Under such conditions it’s not surprising to hit an error that few others seem to have hit before, and for which the majority of Google hits are for that irritating type of site that merely lists all of the Oracle errors in the documentation whether or not they have information on how to fix them.

Thus it is with “ORA-38435: missing elementary attribute value or invalid name-value pairs”.

Here’s how I found the root cause of the error in my case.

It was thrown when running a SELECT statement with the EVALUATE condition. The code looks something like this (slightly obfuscated for no real reason other than paranoia):

select
 i.inbox_name,
 D.*
from
 INBOX_EXPRESSIONS i,
 DATA_TABLE D
where
 evaluate (
   I.INBOX_EXPRESSION,
     My_Event(
       D.SERVICE,
       D.FILTER,
       ... blah blah blah ...
       D.SUMMARY,
       D.IDENTIFIER).getVarChar()
 )= 1
/

Firstly, the error was thrown in a predictable fashion after something like the 450th row of the result set had been returned. I re-executed it through SQL*Plus with an arraysize of 1, slightly modified to just return the ROWID of DATA_TABLE.

This result set showed ascending values of ROWID, which agreed with the execution plan that showed a full table scan of DATA_TABLE.

The error was thrown after the ROWID “AABonGAAJAAH1UeAAA” was returned.

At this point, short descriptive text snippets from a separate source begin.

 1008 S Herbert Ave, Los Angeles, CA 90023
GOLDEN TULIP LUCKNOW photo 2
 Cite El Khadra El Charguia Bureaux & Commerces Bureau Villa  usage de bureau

I modified the query to something like:

select
 i.inbox_name,
 D.ROWID
from
 INBOX_EXPRESSIONS i,
 (SELECT * FROM DATA_TABLE WHERE ROWID = 'AABonGAAJAAH1UeAAA') D
where
 evaluate (
   I.INBOX_EXPRESSION,
     My_Event(
       D.SERVICE,
       D.FILTER,
       ... blah blah blah ...
       D.SUMMARY,
       D.IDENTIFIER).getVarChar()
 )= 1
/

This returned a correct row.

I then incremented the ROWID to ‘AABonGAAJAAH1UeAAB’ and re-executed, getting 0 rows. I kept incrementing until I reached ‘AABonGAAJAAH1UeAAF’ at which point the error was thrown.

Ah hah.

From the error stack it looked as if the error was raised by Evaluate, rather than the function My_Event.GatVarChar(), so I tested that by including the call to My_Event.GetVarchar() in a query against the columns of DATA_TABLE, and to see what it was returning for each row. Hopefully I’d spot something that looked like bad syntax on the error-raising row that might trip up the Evaluate() function.

And there it was:

SERVICE=>to_number('0'),FILTER=>'abc', ... ,SUMMARY=>'System's IPs are not responding.',...'

The inclusion of a single quote in the value of the column SUMMARY caused the GetVarchar function to construct an invalid string that was then passed to Evaluate().

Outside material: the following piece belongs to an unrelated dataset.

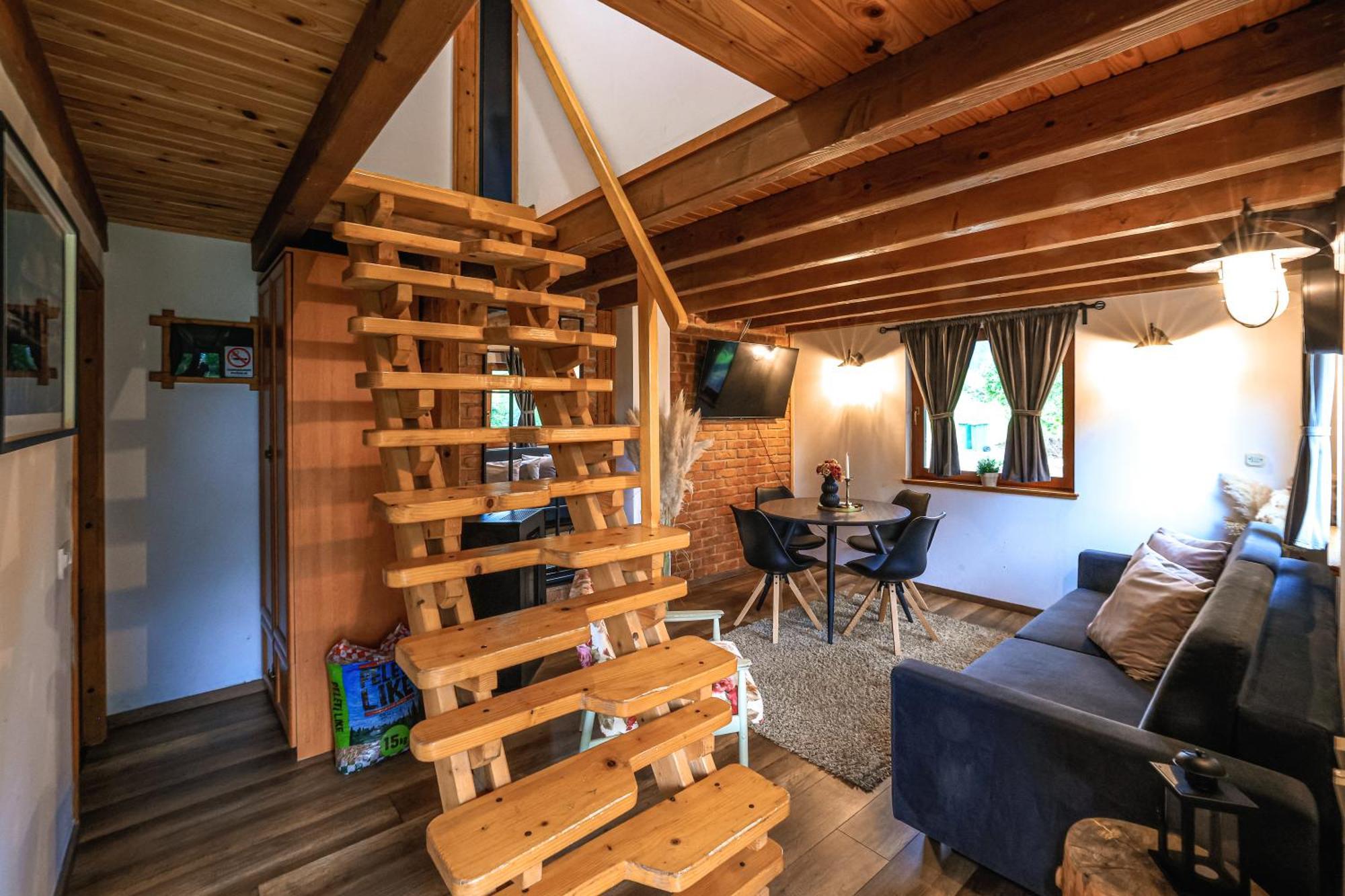 Woodenhouse With Two Apartments Otočac Pokoj fotografie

The fix was fairly straightforward of course — replace every occurrence of a single single-quote with two single-quotes in the string columns.

select
 i.inbox_name,
 D.*
from
 INBOX_EXPRESSIONS i,
 DATA_TABLE D
where
 evaluate (
   I.INBOX_EXPRESSION,
     My_Event(
       D.SERVICE,
       Replace(D.FILTER,'''',''''''),
       ... blah blah blah ...
       Replace(D.SUMMARY,'''',''''''),
       Replace(D.IDENTIFIER,'''','''''')).getVarChar()
 )= 1
/

I’d not be surprised if there were other potential causes.

And by the way the handsome list of single-quotes reminds me of this:

James, while John had had “had”, had had “had had”; “had had” had had a better effect on the teacher

My_Event.GetVarchar()

Serious Space Savings

I knew this would happen before I even tried it.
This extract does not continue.